DATA below:

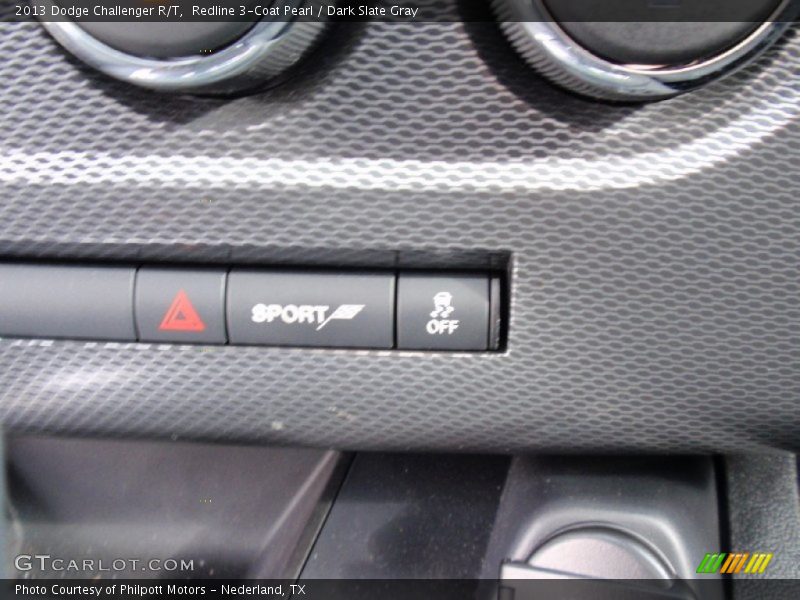 Redline 3-Coat Pearl / Dark Slate Gray 2013 Dodge Challenger R/T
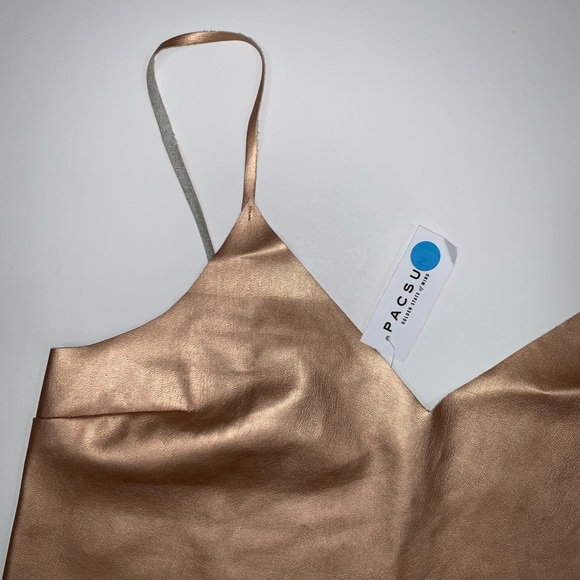 🆕 Crop top - Picture 2 of 3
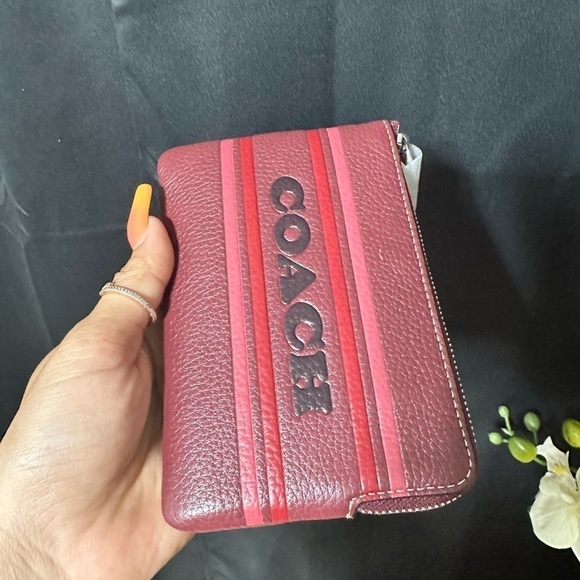 Coach wristlet - Picture 2 of 4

End of DATA.

**ACTION ITEM**:
All of the data must be repeated exactly, except for the pictures.

**ANSWER TO THIS PROBLEM**:
 Redline 3-Coat Pearl / Dark Slate Gray 2013 Dodge Challenger R/T
 🆕 Crop top - Picture 2 of 3
 Coach wristlet - Picture 2 of 4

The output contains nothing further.